The lights above me dimmed, and alone in the pitch black darkness, the surround sound audio boomed with the sound of a choir singing the “Hallelujah” part of Kanye’s song “Selah” — intense and quiet, chanting over and over until the screen all at once revealed a bright image, the choir singing at an increasingly higher pitch, the passion in their voices palpable as the camera panned out. In wonder, I leaned forward in my seat and took in the sounds and sights. I had made the right decision.
Throughout Kanye West’s experimental concert short film, Jesus is King, director Nick Knight presents raw and powerful Gospel that captivates the soul in a manner undeniable and inspiring. There were no scripts, no scenes between fictional characters. Only raw, though intentional, footage of Kanye’s Sunday Service Choir singing classic Christian hymns under an open circle of sky light, the clouds visible and the sun shining happily on their faces.
I was enthralled by the beauty of the sound of this gospel choir and their pure, honest praise to Jesus Christ. The short film in itself displayed so many profound, human aspects of the Christian experience shown after the choir had a powerful session of praise and lovingly embraced one another as they wiped each other’s tears — from a deep-seated place of misery and longing, to the joy and lightness that comes with the peace of the Holy Spirit, to the pure awe and worship of Jesus Christ with a heart so grateful the words are sung through tears, to the community and fellowship that comes with the journey. It was a beautiful experience to sit through, one that had me clapping, singing, crying, and smiling.

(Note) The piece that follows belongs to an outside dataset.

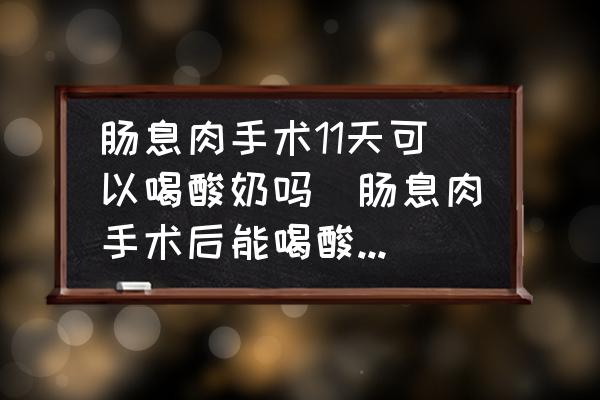 腸息肉手術(shù)11天可以喝酸奶嗎(腸息肉手術(shù)后能喝酸奶嗎？)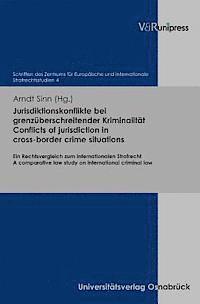bokomslag Jurisdiktionskonflikte bei grenzuberschreitender Kriminalitat. Conflicts of jurisdiction in cross-border crime situations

The film ended after a close up of a young child in her father’s arms, with Kanye singing “Use this Gospel,” a song about the importance of putting faith in the Bible, and in trusting Jesus. The credits rolled as “Jesus is Lord” gave the speakers their final boom, and the screen turned off. The projector swooshed off and the dimmed lights reentered the auditorium as I took in the half hour, unapologetic statement that was this film. I looked around in awe to seek the reaction of others in spite of myself, completely forgetting I was, still, the only one in the theater. I rose from my seat, my echoing footsteps lighter and the glimmering sunlight outside brighter. Beautiful, spiritual, and impactful — Jesus is King uplifted the energy of an empty room that should have been packed.